Kardhiq is a village in the former Cepo commune, Gjirokastër County, Albania. At the 2015 local government reform it became part of the municipality Gjirokastër. The village is inhabited by both Bektashi Muslim and Orthodox Christian Albanians who speak the Tosk dialect of Albanian. Kardhiq Castle is located near the village.

==Name==
The toponym Kardhiq is used for several places in Albania. It is found in several places of the Balkans, in the form of Gardik, Gardiki (in Greece), Gradec. The toponym is of Slavic origin and stems from a word for "castle".

==History==

A Hellenistic era garrison was built in Kardhiq as part of the fortification system of Chaonia, in the northwestern part of Epirus

In the late 14th century and early 15th century, the Kardhiq Castle was built by the noble Albanian Zenebishi. family. Kardhiq had around 30 households in 1431–1432. Ottoman explorer Evliya Çelebi recorded 150 homes in the 17th century.

In 1811, Kardhiq, whose inhabitants were known for their military prowess, had taken in one of Ali Pasha's political opponents, Ibrahim Pasha. Eventually, Ali managed to have the village hand over Ibrahim via presents and promises. In that same year, French agents had brought money and gunpowder to Gjirokastër in order to incite rebellion against Ali, whom the French had politically opposed. This rebellion was led by the chieftains of Kardhiq, Gjirokastër and Delvinë, and in October 1811, the rebels managed to inflict a heavy defeat on Ali's troops. Although the inhabitants of Gjirokastër eventually surrendered, the inhabitants of Kardhiq continued the resistance, and so Ali Pasha began a long siege of the village.

In December 1811, the men of Kardhiq offered to surrender on the condition that they be allowed to emigrate to Corfu; Ali refused, and the siege continued. On 21 February 1812, the village finally fell, with at least 300 defenders having been killed in the final assault. Ali Pasha ordered the massacre due to a long-standing vendetta he had with the village; it was said that after his father had died whilst Ali was a child and his family's power subsequently diminished, the men of Kardhiq captured his mother, raped her and humiliated her by forcing her to walk through the streets with a man on her back. As such, on 15 March 1812, Ali ordered that nearly 800 captives be taken to a roadside inn with a large courtyard. Some of the captives were taken away for slavery, but the vast majority were massacred in the courtyard.

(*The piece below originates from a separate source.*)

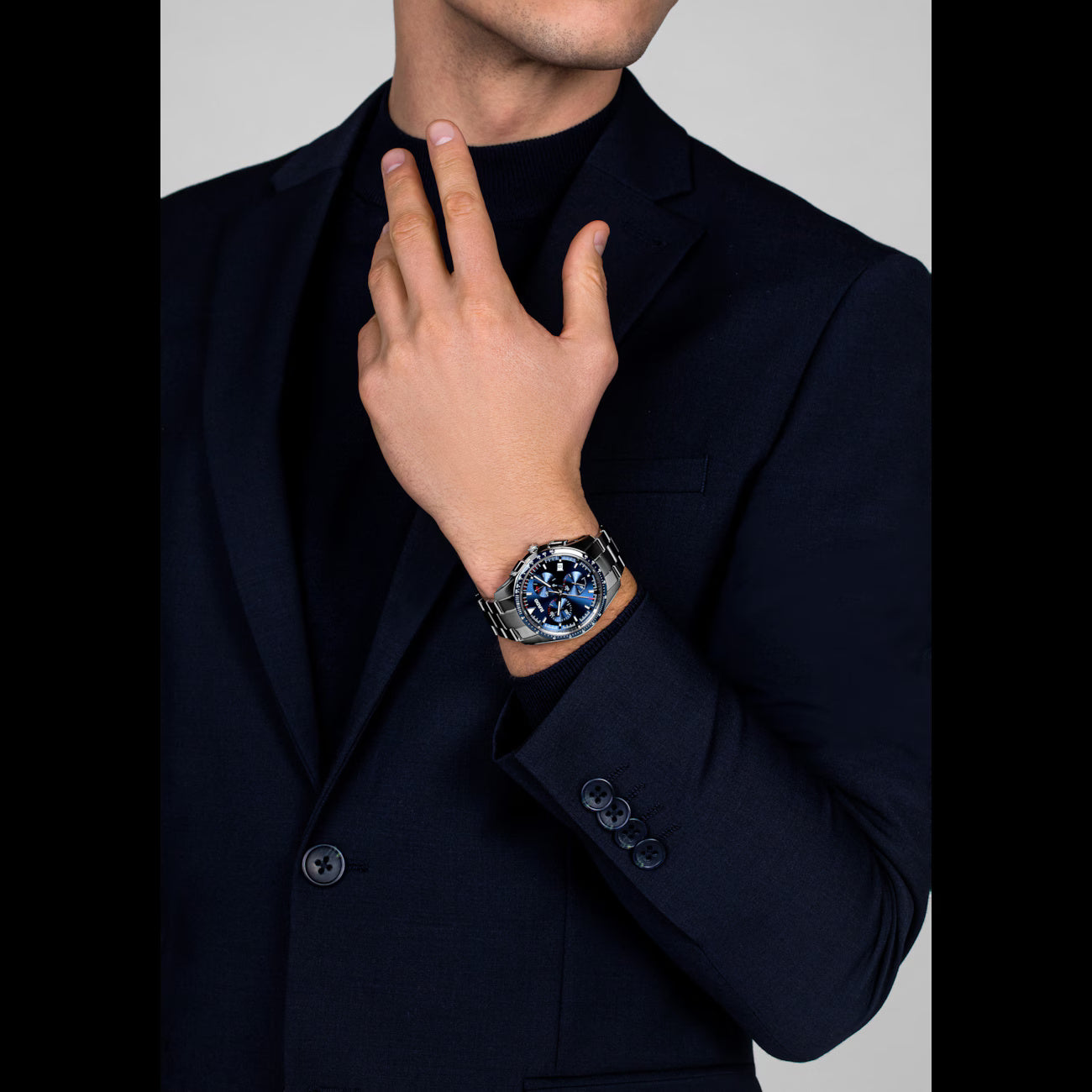 Rado R32259203 – Men's HyperChrome Chronograph, 44mm Stainless Steel, Blue Dial, Ceramic Bezel, Quartz, 100M WR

This massacre was carried out by Thanasis Vagias. During the massacre, Ali Pasha spared the family of an imam from Kolonjë due to his friendship with the man; the family consisted of about 30 men who were allowed to continue sowing the fields until they were eventually permitted to return and repopulate village. From then onwards, the village would recover well, and the Albanian inhabitants of Kardhiq were primarily engaged in mercenary activities during that period.

== Notable people ==
- Hasan Dosti,(1895 – January 29, 1991) Born in Kardhiq, he was a famous jurist and Balli Kombëtar leader
- Çerçiz Topulli,(20 September 1880 – 17 July 1915) Albanian revolutionary and guerrilla fighter involved in the national movement against the Ottoman occupation. His mother Hasije, daughter of Laze Mullai was from Kardhiq.
- Bajo Topulli (1868 – 24 July 1930), born Bajram Fehmi Topulli, was an Albanian nationalist figure of the Albanian National Awakening. Bajo was the older brother of Çerçiz Topulli. His mother Hasije, daughter of Laze Mullai was from Kardhiq.